• **Data segment**:

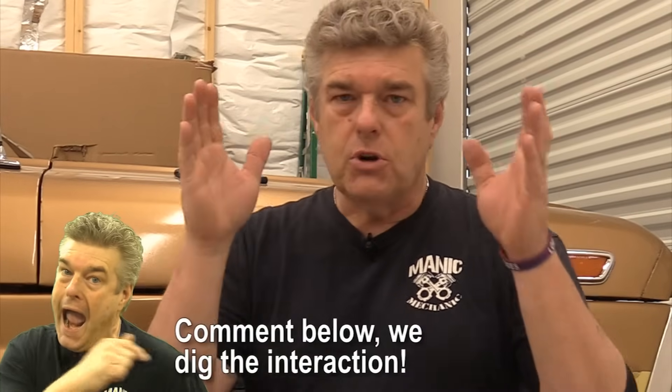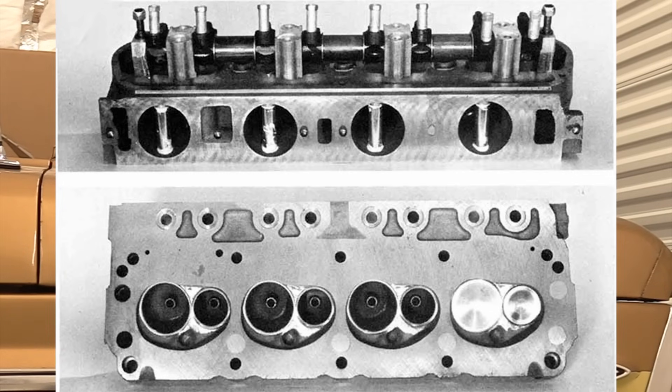Up until aluminum and even some early cast iron performance cylinder heads started coming around, you were stuck with what Ford wanted you to have, and that was pretty poor. Ford, until the Cleveland came along, really wasn't thinking that much about the top end of that engine breathing like you'd want. There were a lot of missing, mismatched pieces. They tried things like the Tunnelport heads, which were a horrifying failure in the Trans Am series. But there were some nicely done cylinder heads, and what Ford had at the end is probably one of the better heads they introduced — though still not the best, which is reserved for the 351 Windsor.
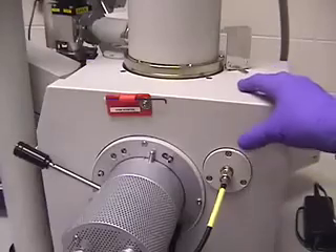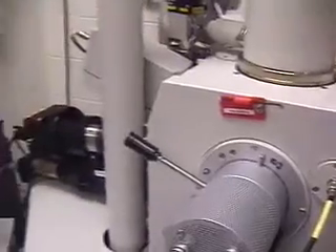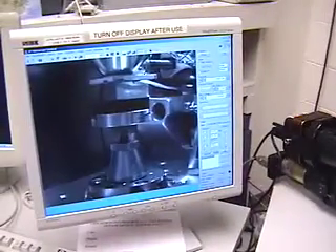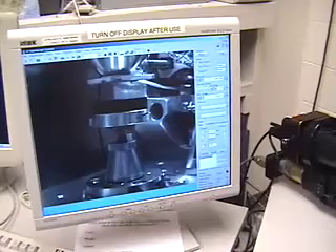With the specimen chamber door closed, hold it firmly with your right hand while you use your left hand on the mouse to click on pump. Here is a closer look at the pump button.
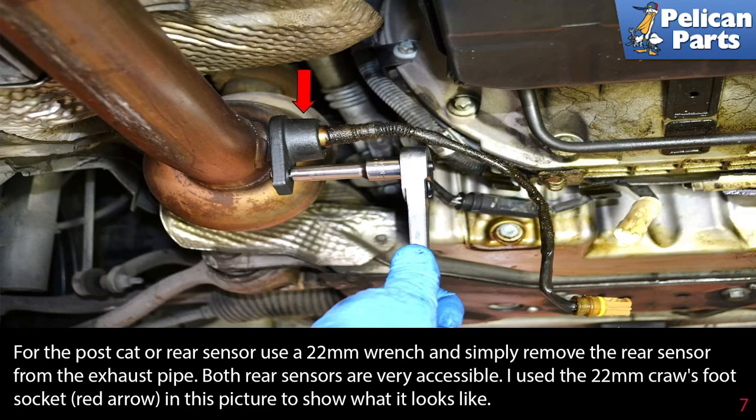For the post cat or rear sensors, use a 22 millimeter wrench and simply remove the rear sensor from the exhaust pipe. Both sensors are very accessible. I used a 22 millimeter crossfoot socket, red arrow, in this picture to show what it looks like.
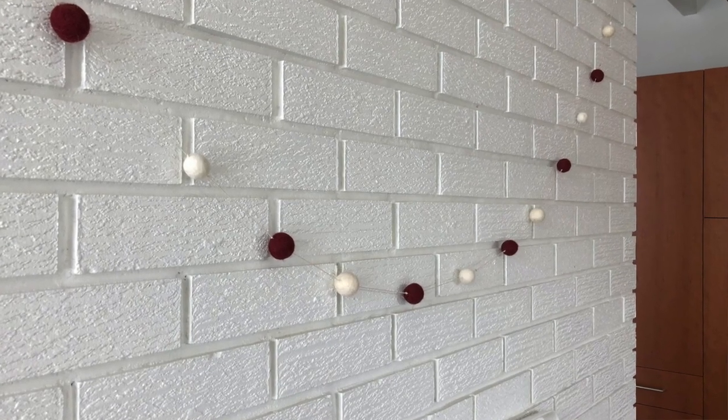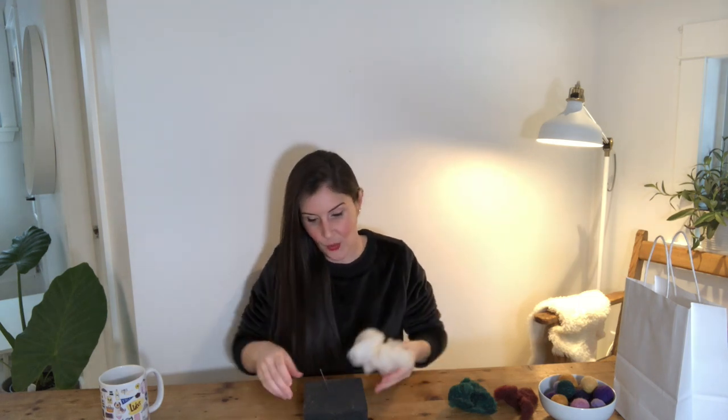Hi guys, today's crafty video is all about how to make felt balls. I wanted to learn how to make these a couple years ago to make those very cute felted ball garlands — little pom-pom kind of ones. There are a couple different ways you can do it, but this is how I found works best for me as a total beginner. I form a general ball shape with needle felting and then go to the sink to make it more dense with wet felting.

• **Work request**: Beginning with the line containing "For the post" and ending with the last line of the data above, repeat each line exactly. Include no pictures and no other lines.

• **Result of the task**:
For the post cat or rear sensors, use a 22 millimeter wrench and simply remove the rear sensor from the exhaust pipe. Both sensors are very accessible. I used a 22 millimeter crossfoot socket, red arrow, in this picture to show what it looks like.
Hi guys, today's crafty video is all about how to make felt balls. I wanted to learn how to make these a couple years ago to make those very cute felted ball garlands — little pom-pom kind of ones. There are a couple different ways you can do it, but this is how I found works best for me as a total beginner. I form a general ball shape with needle felting and then go to the sink to make it more dense with wet felting.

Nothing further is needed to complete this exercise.